The formula of each quantized weight matrix is: $$ \hat{W_k} = \mathcal{Q}(W_k + (W_{1:(k-1)} - {\hat{W}_{1:(k-1)}})a_k) $$ here, W_k with hat stands for k-th column of quantized weight matrix(a vector). Q stands for quantization of each elements of vector. W with index like 1:(k-1), is selected weight matrix with selected columns (not selected as zero, to keep shape uniform). And a_k here stand for the linear function of the residue.

And finally, the final quantized matrix satisfies: $$ \hat{W} = \mathcal{Q}(W + (W - \hat{W})U) \quad (1) $$ here, U is a upper-triangular matrix, consisting of the vector a.

This is a definition of a family of adaptive rounding based on features including “column by column”.

here the authors denote quantization error of the Adaptive rounding (not simple Q(W) - W, since here we are adaptive rounding): $$ \eta = \mathcal{Q}(W + (W - \hat{W})U) - (W + (W - \hat{W})U) $$ replace the Q term with equation (1) $$ \eta = (\hat{W} - W) + (\hat{W} - W)U $$ $$ \eta = (\hat{W} - W)(I + U) $$ Therefore, we have the previous proxy objective becomes: $$ \text{tr}((\hat{W} - W) H (\hat{W} - W)^T) = \text{tr}(\eta(U+I)^{-1} H (U + I)^{-T}\eta^T) $$ And If we choose decomposition of H to becomes: $$ H = (U’ + I)D(U’ + I)^T \quad (2) $$ And we assign U (a linear function of residual) to be U’, we will achieve: $$ \text{tr}(\eta H \eta^T) $$

Quoting: We denote as LDLQ (LDL decomposition) the rounding procedure in Eq.(1) with U to be U’ as the LDL assignment from Eq.(2). We will now see that the LDL assignment of U is fact optimal.

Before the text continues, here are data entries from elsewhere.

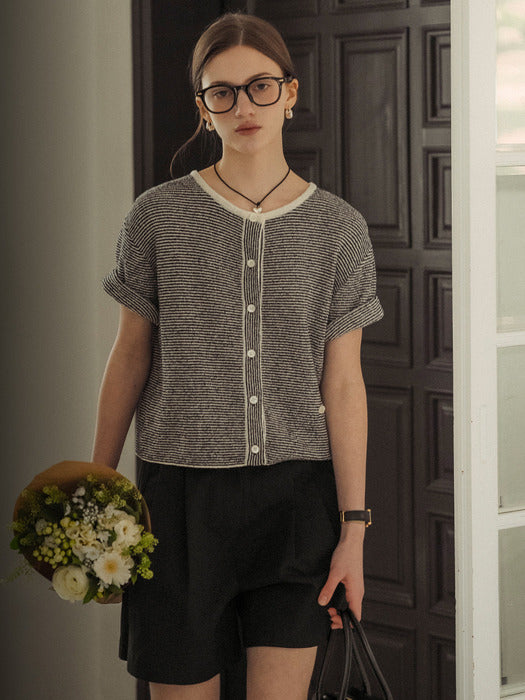 [TILLIDIE] Stripe roll up terry cardigan_Navy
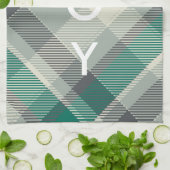 Modern Fun Gingham Kariert Frohe Weihnachtsfeierta Geschirrtuch (Gefaltet)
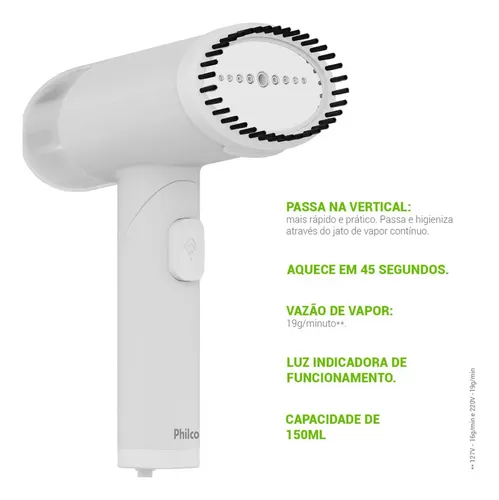 Passadeira A Vapor Dobrável Philco 150ml 1250w Bivolt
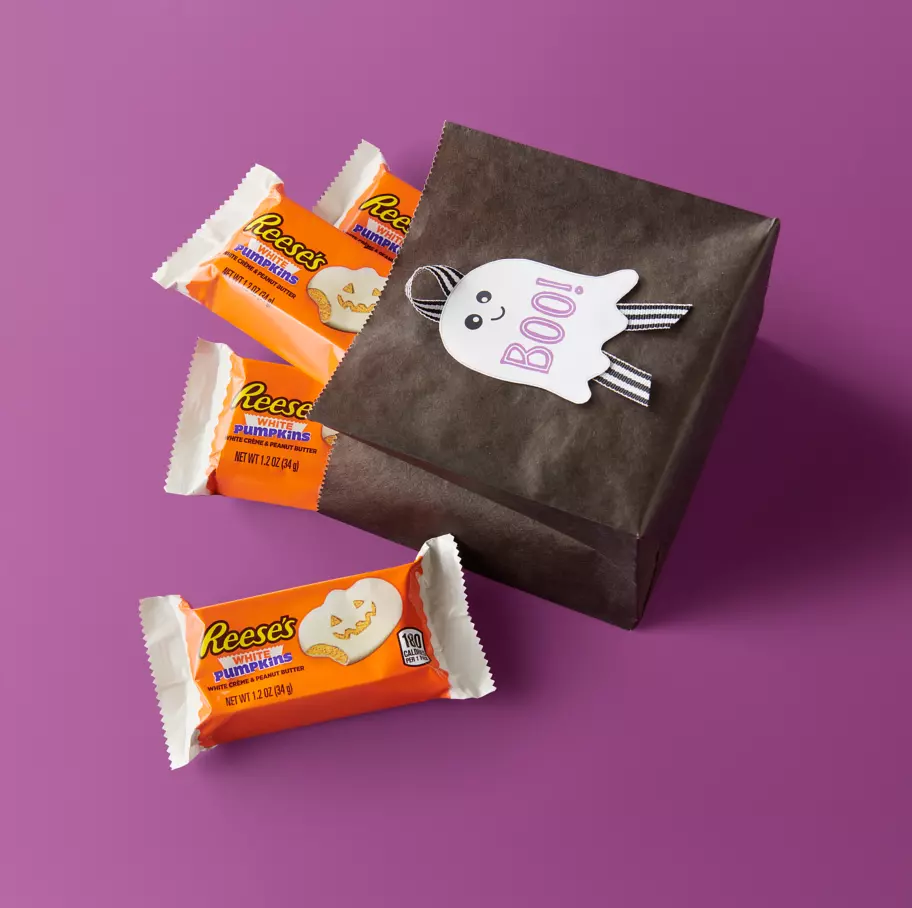 REESE'S White Creme Peanut Butter Pumpkins inside ghost bag
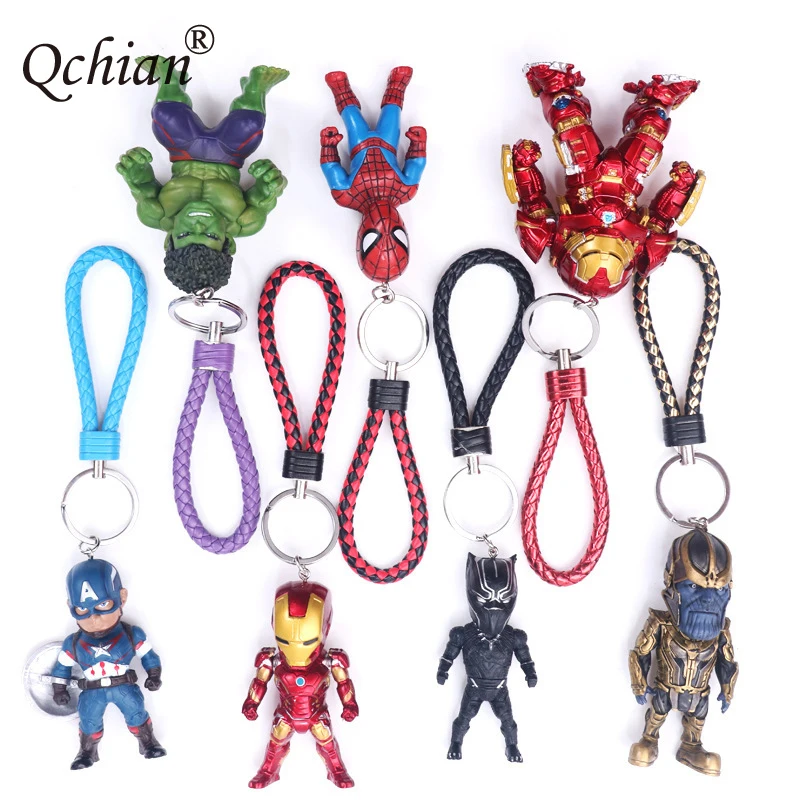 7pcs 11pcs Action Figure Keychain Naruto Sasuke Marvel Spider Super Man Iron Man Dragon Ball Goku Dolls Toys 3D PVC Keychain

Deriving the Optimality of the LDLQ

It defines a worst and average loss of each quantization methods, and show the Loss of LDLQ satisfies the following: $$ \frac{m}{4} \text{tr}(D) = \mathcal{L}{\text{worst}}(\text{LDLQ}, H) \leq \mathcal{L}{\text{worst}}(\mathcal{A}, H) $$ $$ \frac{m}{c} \text{tr}(D) = \mathcal{L}{\text{avg}}(LDLQ, H) \leq \mathcal{L}\text{avg} (\mathcal{A}, H) $$ here m stands for the number of rows being quantized. mathcal A stands for any quantization method following Eq.(1).

The authors states:

Quoting: LDLQ achieves strictly lower worst and average-case proxy loss because $$\text{tr}(D) < \text{tr}(\tilde{H})$$tilde H stands for non-diagonal H.

And somehow: $$ \mathcal{L}{\text{worst}}(\text{LDLQ}, \tilde{H}) < \mathcal{L}{\text{worst}} (Stoch, \tilde{H}) $$ and $$ \mathcal{L}{\text{worst}}(\text{LDLQ}, \tilde{H}) < \mathcal{L}{\text{worst}} (Stoch Or Nearest, \tilde{H}) $$ The authors use 2 lemma and 1 definition to prove this.

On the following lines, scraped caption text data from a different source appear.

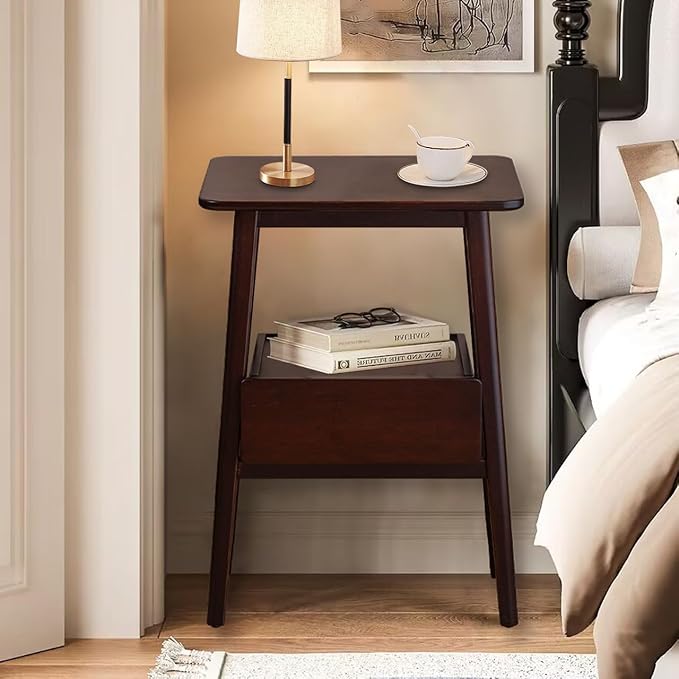 Night Stand with Drawer, Mid Century Modern Nightstand, Bedside Tables with Open Storage Shelf,Large Storage End Table, Bamboo Night Stands for Bedrooms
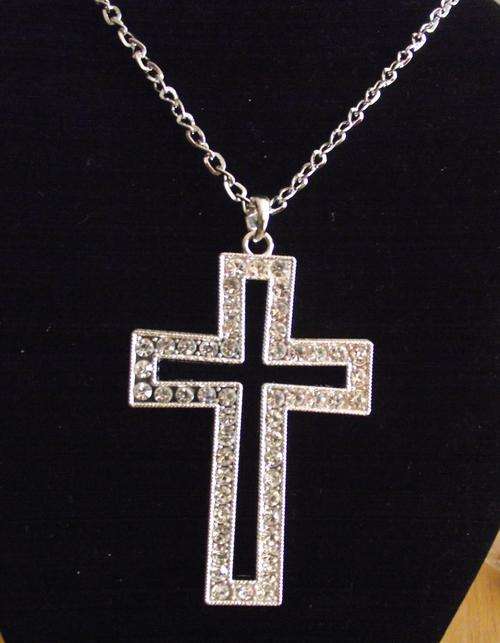 Lovely Silver Tone Rhinestone Crystal Cross Pendant Necklace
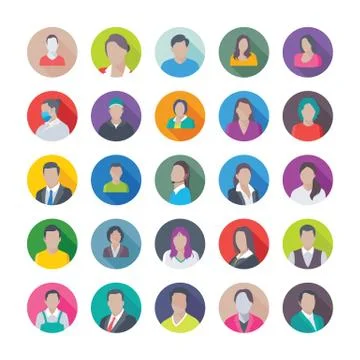 Professional Flat Icons of Professions Stock Illustration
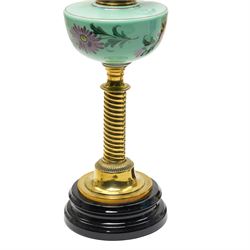 Victorian brass table oil lamp with painted green glass reservoir, another with blue glass reservoir and one other lamp (3)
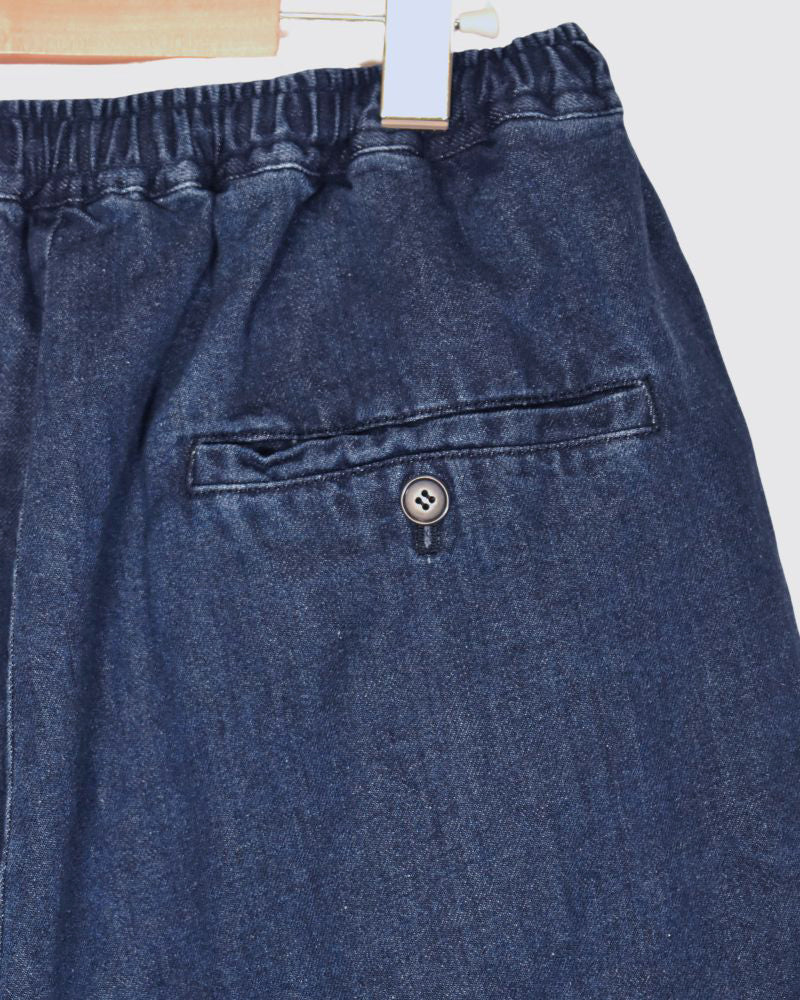 Cotton Linen Denim Tuck Pants in Stone Wash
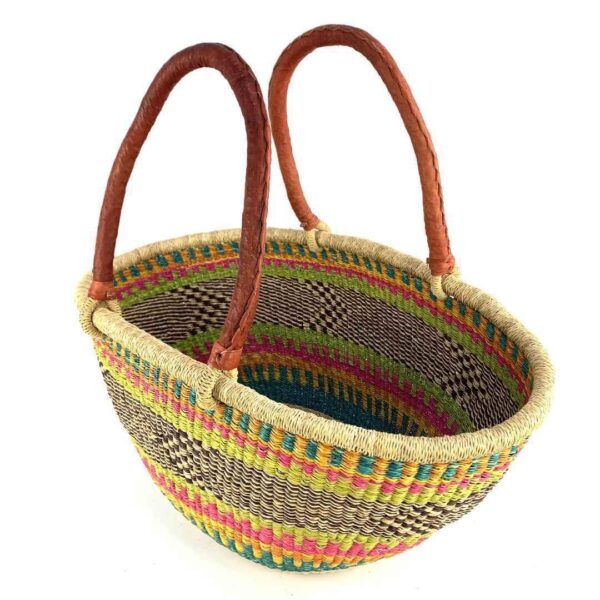 wawa-basket-264-bella-2 Angled view of the multicolour checked Mega Wawa Bolga basket showing the woven interior and leather handles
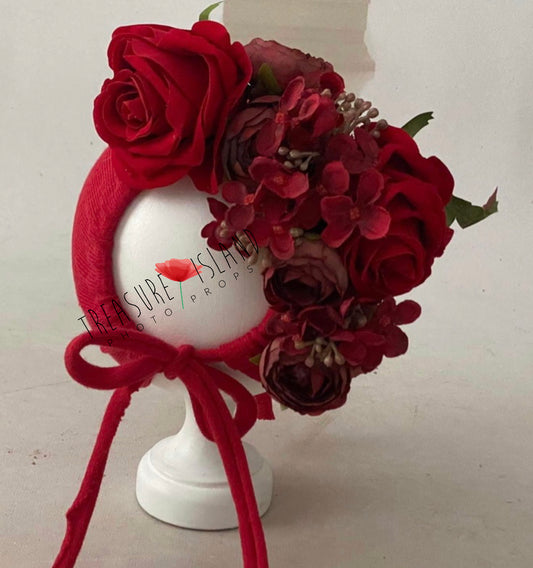 Red and burgund FLOWER BONNET FLORAL BONNET ❤️VALENTINE props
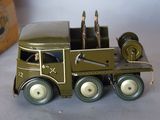 a toy truck that is sitting on a table
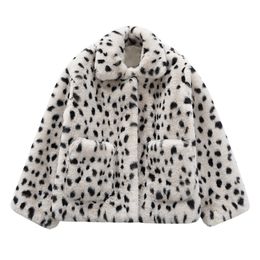 PERHAPS U Women Beige Faux Fur Coat Outwear Button Warm Thick Turn Down Collar Pocket Leopard C0368 201210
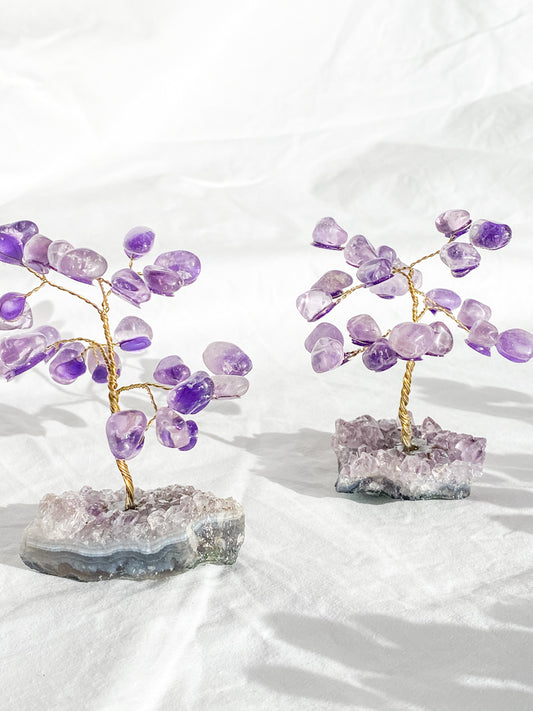 Wire Tree Amethyst on Amethyst Base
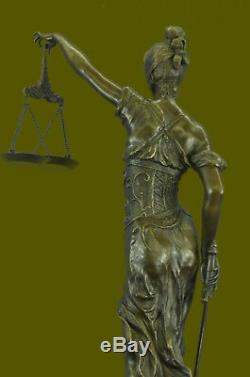 Handmade Lady Justice Blind Bronze Art Sculpture Figurine Statue 39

first the author define what’s \mu incoherence. (\mu stands for the level of incoherence). And derive an inequality of tr(D) and tr(H^{1/2})^2

Quoting: To the best of our knowledge, this is a novel result using incoherence to obtain a bound on tr(D) that depends only on the spectrum of H.

And author use this to show these two inequality holds for the LDLQ.

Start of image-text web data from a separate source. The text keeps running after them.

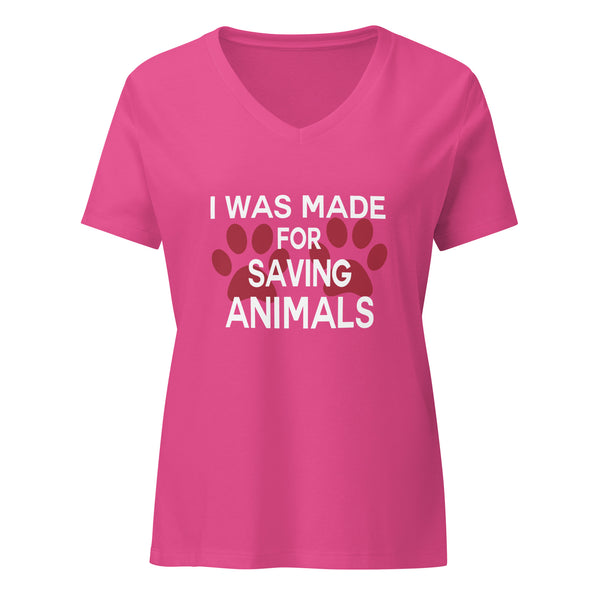 I was made for saving animals Women’s V-neck t-shirt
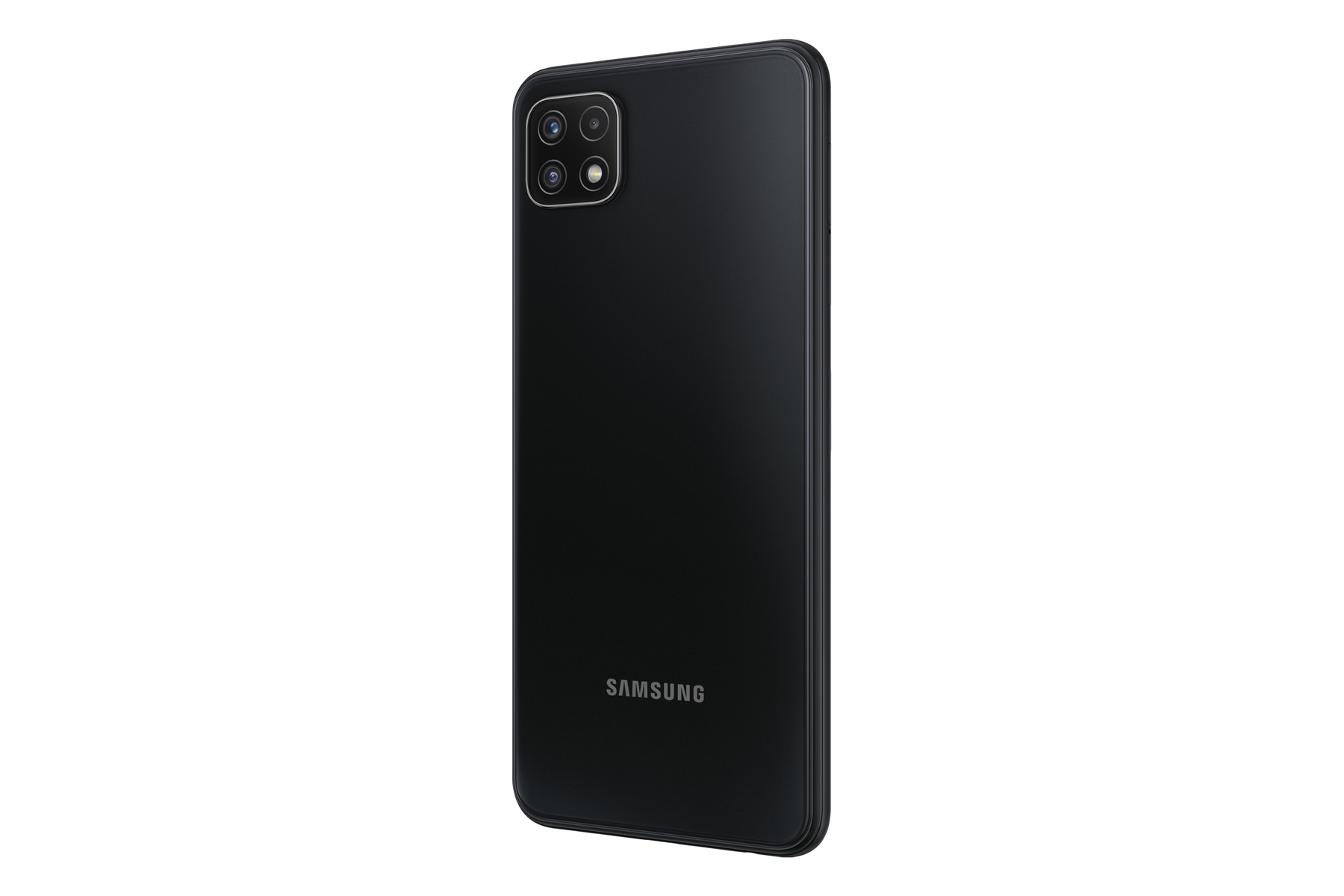 Ein schwarzes Samsung-Handy, Rückansicht, mit drei Kameras und dem Samsung-Logo.
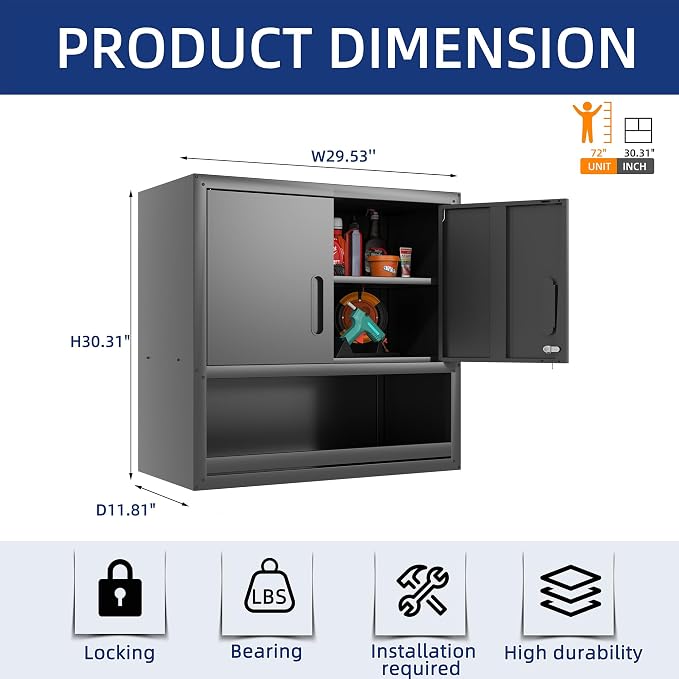 Metal Wall Cabinet, Garage Wall Cabinet - Image 3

Quoting: This shows that for sufficiently low-rank H, LDLQ is asymptotically better than plain nearest and stochastic rounding by a factor $\mu^2k/n$

The need for Incoherence

The authors were able to show LDLQ gets asymptotially better bound in terms of just the spectrum of H. Was the incoherence assumption necessary to get this result? Yes. Without incoherence: no improvement with a spectral bound.